:: Task item ::
The data must be reproduced verbatim; images are to be omitted.

:: Raw data ::
---------------

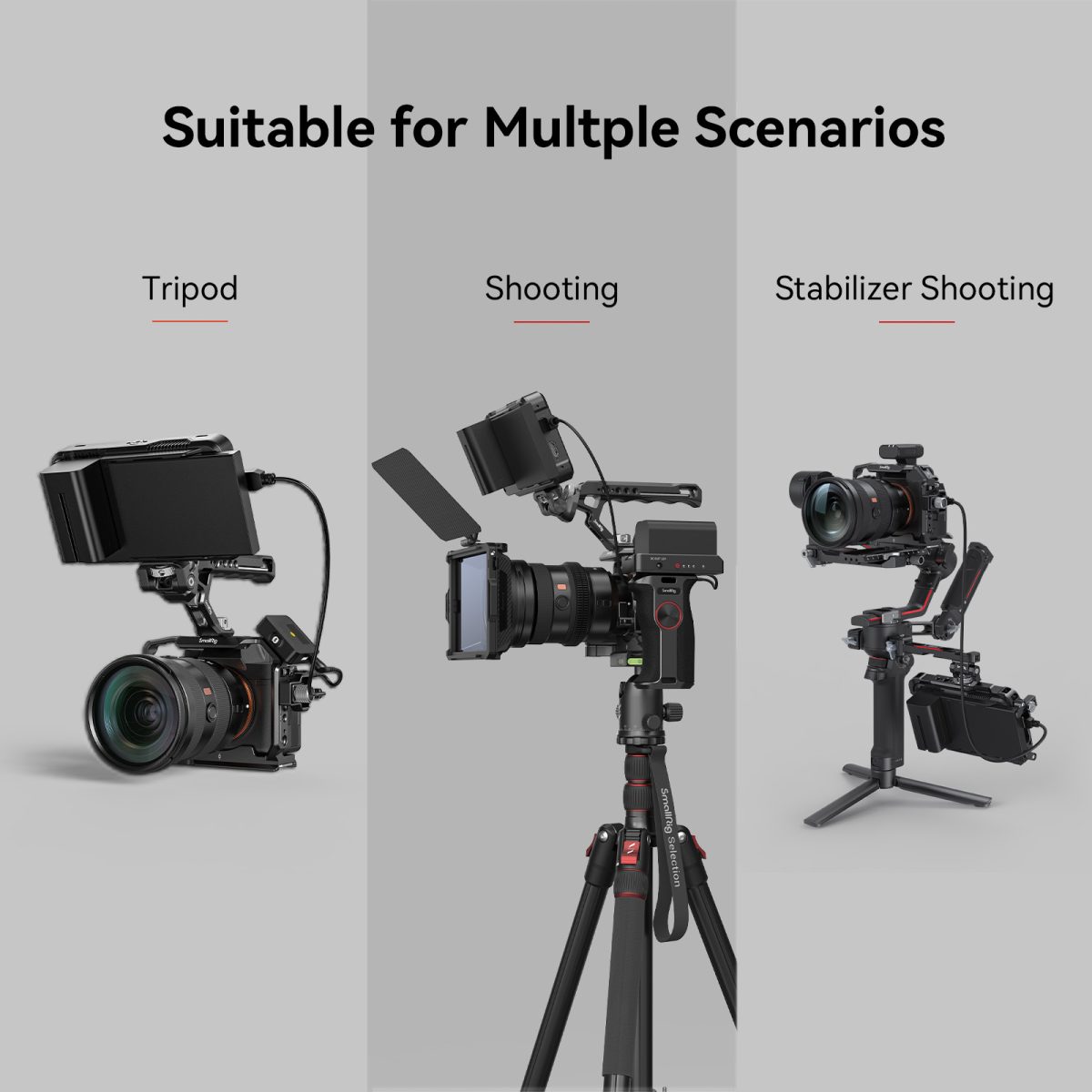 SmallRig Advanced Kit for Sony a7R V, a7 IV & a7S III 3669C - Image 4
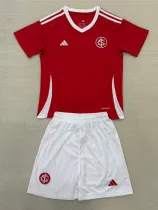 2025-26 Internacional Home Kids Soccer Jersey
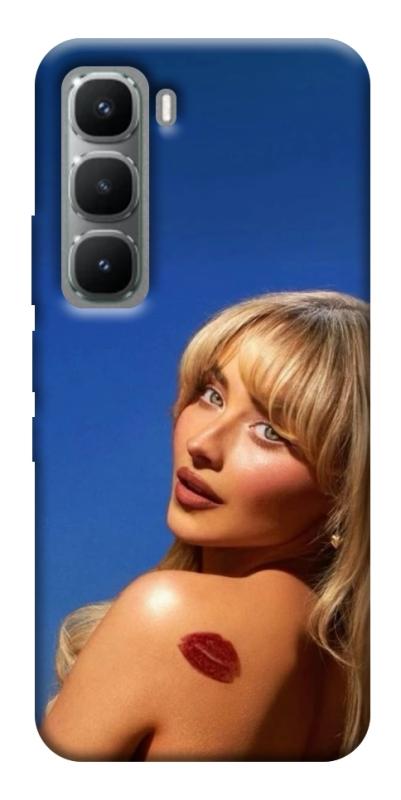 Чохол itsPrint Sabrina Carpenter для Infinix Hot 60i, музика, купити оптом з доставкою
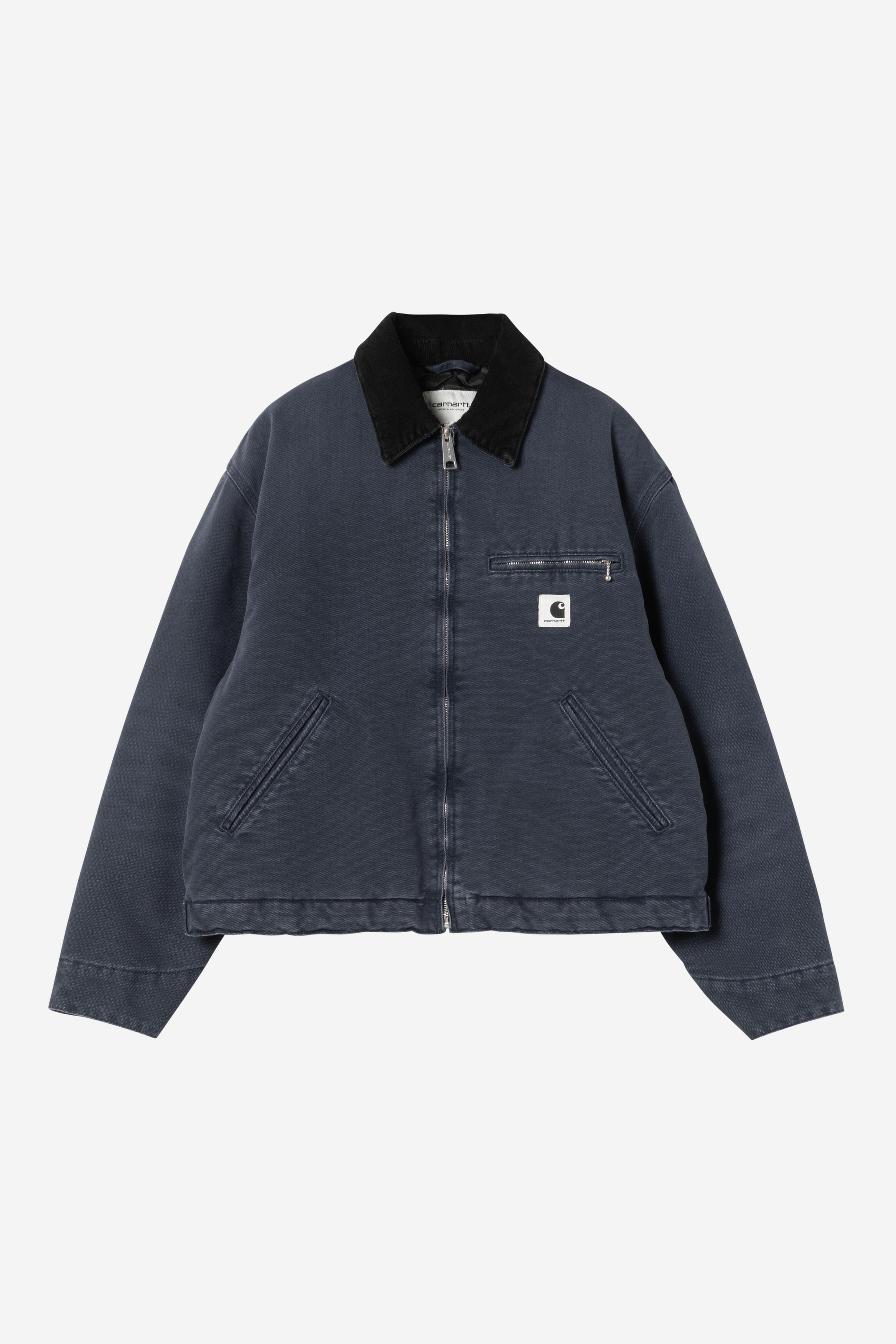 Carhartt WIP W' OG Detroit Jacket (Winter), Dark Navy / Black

---------------

:: Exercise result ::
 SmallRig Advanced Kit for Sony a7R V, a7 IV & a7S III 3669C - Image 4
 2025-26 Internacional Home Kids Soccer Jersey
 Чохол itsPrint Sabrina Carpenter для Infinix Hot 60i, музика, купити оптом з доставкою
 Carhartt WIP W' OG Detroit Jacket (Winter), Dark Navy / Black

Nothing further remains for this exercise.